I numeri e l’inevitabile scissione del Pd

mercoledì 1 febbraio 2017


Il dilemma su cui si discute in questo momento dentro e fuori il Partito Democratico riguarda la cifra indicata da Massimo D’Alema come possibile risultato di una lista di scissionisti antirenziani. È possibile o inverosimile che una rottura da parte dei nemici di Matteo Renzi potrebbe portare alla formazione di una lista della sinistra in grado di raggiungere o superare il 10 per cento?

Sotto a questo dilemma esiste però una certezza che sembra rendere inevitabile una spaccatura del Pd nel caso si dovesse andare a votare con il sistema elettorale di tipo proporzionale provocato dalle sforbiciate della Corte costituzionale prima al Porcellum e poi all’Italicum.
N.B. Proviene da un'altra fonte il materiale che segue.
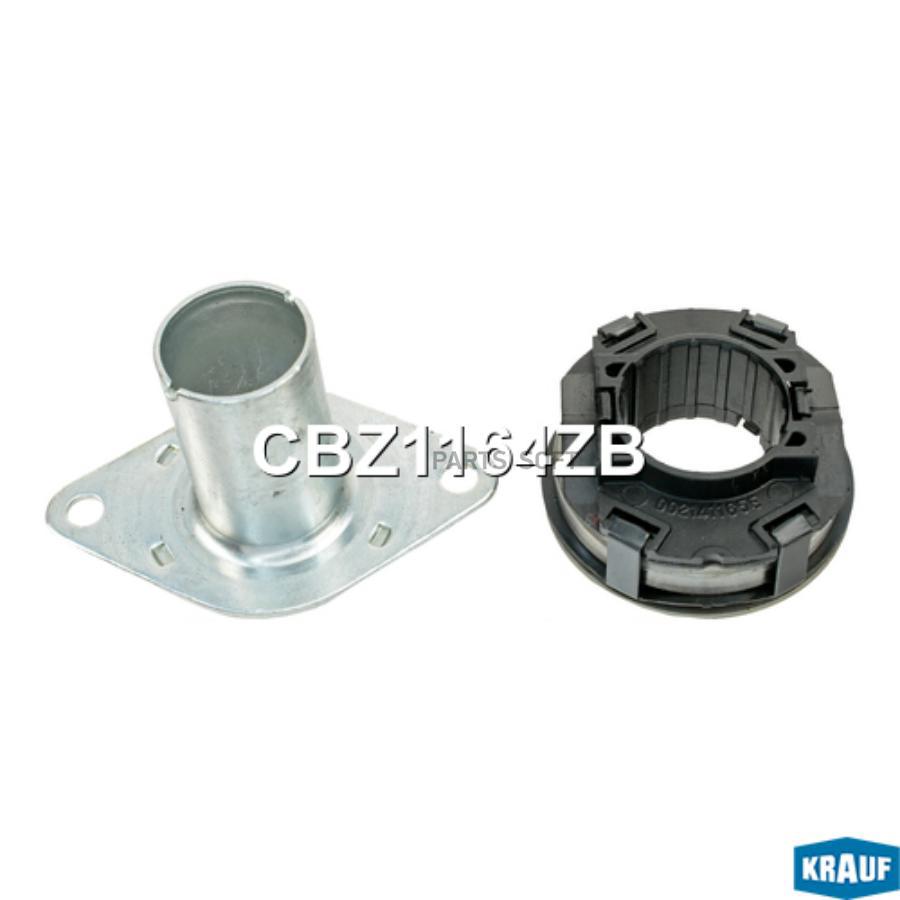 

Подшипник Выжимной Krauf арт. CBZ1164ZB
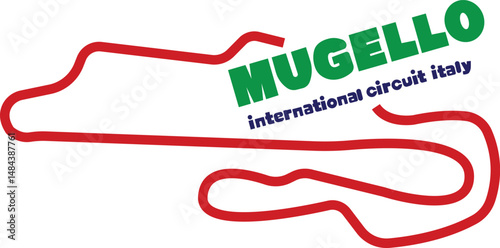 Famous MotoGP Track Map Collection. A high-quality collection of world-famous MotoGP circuit layouts, perfect for fans, racers, and motorsport designers.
Questa certezza è che qualunque possa essere il risultato a cui potrà giungere una lista di scissionisti antirenziani, questo risultato produrrà un numero di parlamentari decisamente superiore a quelli che Matteo Renzi sarebbe disposto a far eleggere in quota-minoranza nella lista del Pd. Può essere, allora, che la lista evocata da Massimo D’Alema non raggiunga il 10 per cento e si fermi solo al 5 per cento. In ogni caso, però, questa lista consentirebbe di far entrare nel nuovo Parlamento un numero di deputati e senatori superiore a quello che entrerebbe se gli scissionisti rimanessero nel Pd ed accettassero la quota di candidature certe assegnata loro dal vendicativo segretario del partito.

Questa considerazione sembra stabilire che la scissione della sinistra del Pd debba essere inevitabile. Il che è vero ma rende vera anche la considerazione che anche Renzi ha tutto l’interesse a favorire una scissione che lo metterebbe in condizione di preparare una lista di soli fedelissimi e priva di qualsiasi nemico interno.

Un Pd di soli renziani e combattuto da una sinistra radicale autonoma potrebbe al massimo raggiungere il 20 per cento. Cioè la metà di quella quota che consentirebbe di vincere il premio di maggioranza alla Camera e di vincere nei collegi del Senato. Ma per chi sa benissimo che neppure un Pd unito, compatto e magari unito a qualche spezzone di Sel o dei centristi di Alfano, potrebbe mai raggiungere il 40 per cento e conquistare il premio di maggioranza, la prospettiva di avere un partito personale del 20 per cento destinato ad essere comunque uno dei protagonisti principali della prossima legislatura è sicuramente preferibile all’eventualità di ritrovarsi con un partito del 30 per cento dove tutti cercano di farti le scarpe.

La logica, quindi, porta alla conclusione che senza una nuova legge elettorale la scissione del Pd sia inevitabile. Ma nella politica italiana non sempre la logica riesce a spuntarla!